I'm sorry,I'm just not seeing the "corruption" in not wanting to see one's hard-earned money go down the loo.I believe Mr. McMenamin rung in the bit about Mr. Waksal's daughter to underscore the arbitrary nature of who is indicted and who is not-that is how I read it.
Bruce - but the point is, for there to be no "insider trading", at least by the government's definition of it, every single participant in the market would have to have the same access to the same information at all times. To have no "insider trading" would be to have perfectly symmetric information at all times, which is theoretically preferable but impossible in practice.
As far as I can tell, the only thing Martha Stewart is guilty of is basically being unpopular. Granted, maybe she deserves to be unpopular, since she is your basic bitch on wheels. But a lot of people who simply don't like her style have joined the media lynch mob without even understanding the charges against her, much less understanding whether or not said charges have validity.
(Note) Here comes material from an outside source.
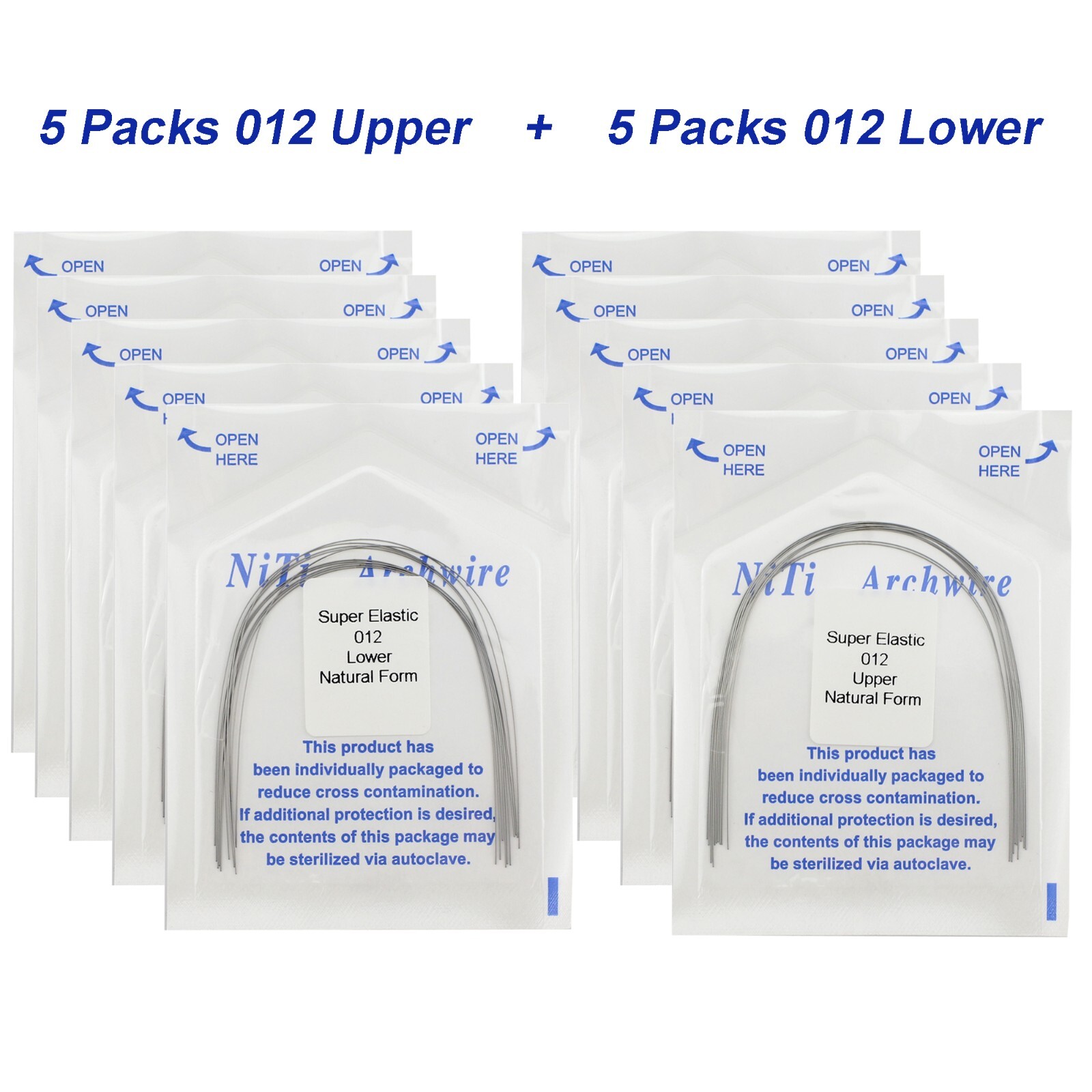 100Pcs Dental Orthodontic Arch Wire Stainless Steel NiTi Ovoid Natural 014 16X22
The likely end of "symmetric information" would be-no trading at all.I make my living as a used record dealer by possessing odd bits of info.If I were forced to disclose to someone that the record he is willing to sell me for a fiver is worth $100 to someone in the UK,there would be no transaction on my part at that price,and likely none on his side as well,unless some British soul cult fan magically stumbles into the equation.
The argument that outlawing insider trading won't get rid of it is a bit like arguing that outlawing criminal acts of homocide won't get rid of it.
As to "symmetric information," clearly there is no expectation that this be the case; however, SOME information (and not most) cannot be used as a means to trade on, partly as a result of fiduciary responsibilities and partly because some information provides such an unfair advantage as to undercut the transparency of the market. In other words, Gwyn Thomas, likely I can do research on said record to discover its market value in venues; my lack of knowledge on its value is not due to secret information that is unavailable to the industrious. Martha Stewart trade on information which was unavailable to most, and undiscoverable at the time of the trade.
As to the incosistency of the application of the law - that is hardly an argument for allowing insider trading, though it is an argument for SEC reform.
Bruce Gottfred, that is a pretty serious misrepresentation of McMenamin's arguments; among other things, what you call different "situations" are legal precedents indicating (to me at any rate) that Stewart is not guilty of any crime. Other readers, please don't take my word for it, or Gottfred's. Read the article and see if McMenamin doesn't pretty persuasively cite legal chapter and verse, and the specifics of Stewart's case, in making his point.
Not true,mate,I'm talking about a one-off situation like a record fair-you as a neophyte would have no way of obtaining such information in such a time frame,it's not printed anywhere and is closely held by the DJs themselves-very much insider information.As for Imclone,I understood that the rumors of an adverse FDA ruling and its price decline preceded Ms. Stewart's sale by several weeks at least-how was the information "unavailable",then?
Even if I accepted that trade by "insiders" was wrong,Ms. Stewart was clearly not an officer of Imclone,just another stockholder,and had no fiduciary responsibility to anyone.
I second tim, Bruce, you've done no justice to Mcmenamin's arguements.
"Stewart was not the only investor connected to Waksal who joined the selling mob that day." She wasn't the only one breaking the rules -- hardly a great defense for a crime.
Are you suggesting that ALL of those in the "selling mob" were guilty of insider trading? No, the point is that by the time Martha got any information at all, it was not "insider," as the price had already dropped $6 a share. Seems like the information was awfuly public.
As stated in the article, if anything, her broker is guilty of breaking client confidence, but all charges against MS, especially the one the SEC is going to court on, feel pretty flimsy.